Heat is on for building 3D artificial organ tissues


heat profused hydrogel with serpentine channel
Daniel Corbett
A serpentine hydrogel channel infused with tonic water fluoresces under ultraviolet light (left) and an infrared tomography of a heat-perfused hydrogel shows that heat traces the path of fluid flow and dissipates into bulk hydrogel.

Bioengineers are devising a hot new technology to remotely control the positioning and timing of cell functions to build 3-dimensional, artificial, living tissues.

The labs of Kelly Stevens at the UW Medicine Institute of Stem Cell and Regenerative Medicine in Seattle, and Jordan Miller at Rice University in Houston, are collaborating to develop bio-printed, organ-like tissues, such as liver and lung constructs.

The Steven’s lab has the long-term vision of building liver tissues that simulate some of the many, complex functions of the organ. Those artificial tissues could be used to study, for example, how drugs or toxins act on the liver.

This vital organ is prone to damage from infections, medications, poisons, and common intoxicants, like alcohol. Liver disease affects more than 500 million people worldwide and accounts for more than 2 million deaths each year.

Eventually, researchers would like to be able engineer artificial tissues that could be surgically implanted to take over lost functions of diseased livers.

Stevens is an assistant professor of bioengineering, a department jointly run by the University of Washington College of Engineering and the UW School of Medicine. She also holds an appointment in the Department of Laboratory Medicine and Pathology at the medical school.

She explained that the intricacies of the liver pose hurdles for artificial organ bioengineers. How do you prompt cells to assume their different functional roles and spatial positions as the organ takes shape?

Just as employees in a factory have different responsibilities and work locations, so do groupings of cells within the liver. Liver cells get their job assignments from key genes that, through their protein expression profiles, guide them to their assigned spots to carry out their duties.

How genes respond to cues that shape a cell’s destiny and how this information transfer occurs are becoming better understood. However, getting cells to perform this information transfer on demand has been elusive. This is especially true for complexly organized systems.

“The liver performs hundreds of critical functions,” the researchers noted in their project summary. To do so, there is a division of labor among liver cells.

“Rebuilding liver remains an enormous challenge,” the scientists said. The field is not yet able to create small features, such as the distinct metabolic zones found in natural livers. The researchers also noted that, to build a liver, their field must better understand how the organ is assembled and its physiology regulated by gene expression in cells.
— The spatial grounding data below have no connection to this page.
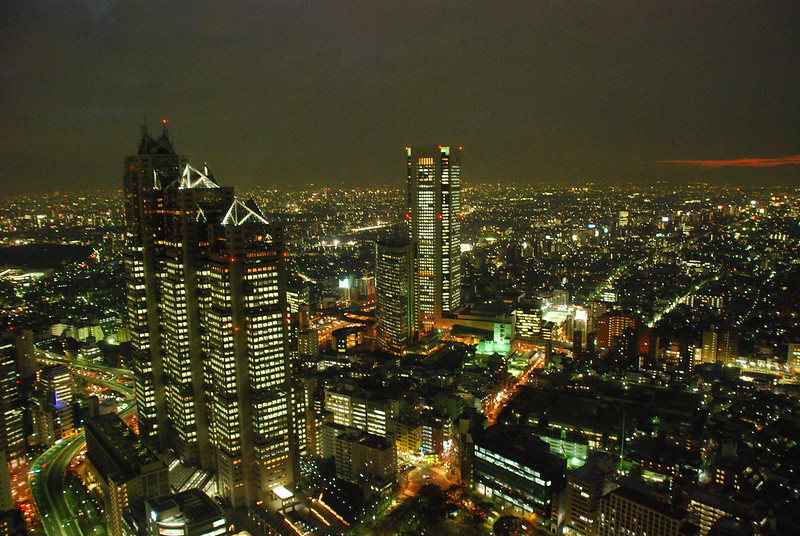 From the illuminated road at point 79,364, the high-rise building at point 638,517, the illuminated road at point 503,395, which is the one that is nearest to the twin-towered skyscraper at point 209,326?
the high-rise building at point 638,517

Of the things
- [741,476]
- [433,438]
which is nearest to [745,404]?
[741,476]

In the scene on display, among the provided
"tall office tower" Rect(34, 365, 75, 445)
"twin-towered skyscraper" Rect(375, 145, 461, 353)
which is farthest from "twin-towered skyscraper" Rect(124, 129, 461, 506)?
"twin-towered skyscraper" Rect(375, 145, 461, 353)

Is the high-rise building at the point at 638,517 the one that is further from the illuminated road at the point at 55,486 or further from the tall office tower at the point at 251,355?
the illuminated road at the point at 55,486

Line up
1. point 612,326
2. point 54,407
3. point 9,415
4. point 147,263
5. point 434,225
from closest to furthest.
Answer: point 147,263
point 9,415
point 54,407
point 612,326
point 434,225

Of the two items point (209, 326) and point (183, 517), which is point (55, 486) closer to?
point (209, 326)

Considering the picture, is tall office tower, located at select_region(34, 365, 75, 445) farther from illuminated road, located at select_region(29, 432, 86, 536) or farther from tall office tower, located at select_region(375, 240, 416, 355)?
tall office tower, located at select_region(375, 240, 416, 355)

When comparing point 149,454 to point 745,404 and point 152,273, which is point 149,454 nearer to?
point 152,273

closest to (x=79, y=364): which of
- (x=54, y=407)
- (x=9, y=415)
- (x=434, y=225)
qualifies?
(x=54, y=407) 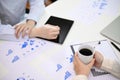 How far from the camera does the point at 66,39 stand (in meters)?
1.09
In the Sept. 30 Science Advances, Stevens, and UW bioengineering graduate student Daniel Corbett, along with their collaborators at Rice University, report their latest bio-printed creation. It is a thermofluidic technology that generates patterns that imitate the genetic profiles found in human livers.
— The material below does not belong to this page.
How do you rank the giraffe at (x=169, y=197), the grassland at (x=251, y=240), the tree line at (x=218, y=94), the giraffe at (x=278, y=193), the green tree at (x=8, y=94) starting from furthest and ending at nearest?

infrared tomography of heat profused hydroggel

Infrared tomography of hydrogel perfused by cube thermofluid channel. Credit: Daniel Corbett

They designed the 3-D printed fluid systems to supply penetrating heat. The energy from these systems – like miniature versions of steam-heat radiators in older apartments — allows the researchers to manipulate the genetic wiring of cells deep inside artificial tissues.
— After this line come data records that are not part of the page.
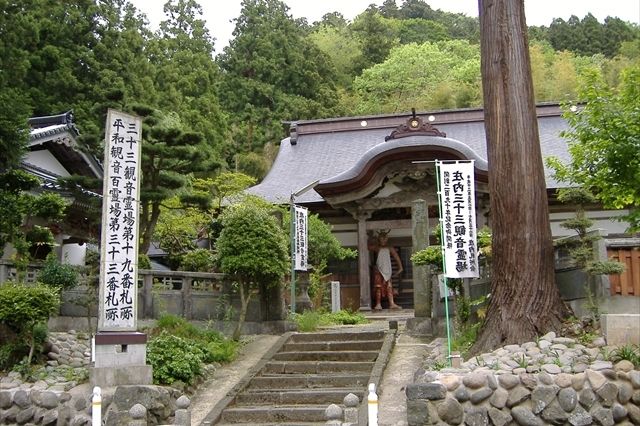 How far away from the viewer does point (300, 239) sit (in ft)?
Answer: 53.0

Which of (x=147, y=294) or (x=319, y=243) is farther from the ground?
(x=319, y=243)

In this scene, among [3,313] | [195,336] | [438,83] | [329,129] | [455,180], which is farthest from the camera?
[438,83]

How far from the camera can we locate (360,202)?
2012cm

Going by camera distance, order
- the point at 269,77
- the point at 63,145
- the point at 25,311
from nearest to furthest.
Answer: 1. the point at 25,311
2. the point at 63,145
3. the point at 269,77

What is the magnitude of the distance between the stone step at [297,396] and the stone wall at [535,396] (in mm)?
1795

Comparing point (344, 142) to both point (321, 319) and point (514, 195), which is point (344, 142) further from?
point (514, 195)

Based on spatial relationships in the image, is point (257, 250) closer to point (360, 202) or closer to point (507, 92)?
point (507, 92)

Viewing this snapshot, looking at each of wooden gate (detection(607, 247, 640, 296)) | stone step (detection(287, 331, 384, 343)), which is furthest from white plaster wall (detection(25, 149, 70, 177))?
wooden gate (detection(607, 247, 640, 296))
The technology uses thermal patterns to trigger gene expression. The transfer of warmth from printed networks within the tissues activates the embedded cells’ transgenes, which are heat-inducible.

These manipulations could reveal how genetic patterning inside different cells drives the segregation of tissues and various liver functions. This knowledge could, in the future, not only suggest ideas for sculpting new, working organs from stem cells, but also for remotely managing implanted organ tissues to achieve a desired therapeutic response.

The researchers call their technology Heat Exchangers for Actuation of Transcription, or HEAT. The pathways they activated in their latest project are part of the Wnt signaling networks, which, the researchers explain, are important for regulating the development, maintenance and regeneration of body tissues throughout the animal kingdom.

“What I love about HEAT is that it’s an independent way to control gene expression compared to the other tools generally available for mammalian gene activation, sucha as those that rely on chemicals or light,” Miller said. “The elegance of HEAT is that we used mass transfer with flow to deliver the heat transfer. This works so well because both phenomena follow similar physical transfer laws.”

While their reported findings show the potential of HEAT, the researchers said they encountered limitations in fully controlling the timing and location of heat delivery by their first-generation system.

They researchers think design modifications might overcome some of the present limitations. This approach could also be coupled with other progress in tissue engineering.

They hope that further advances toward solving the enigma of stimulating the gene circuits of cells inside 3D tissues will, the reserchers write in their paper, “accelerate the development of artificial liver tissues models that could broadly impact basic and translational human biomedicine.” They said they believe such advances will create new avenues for biomanufacturing of 3D tissues and organs.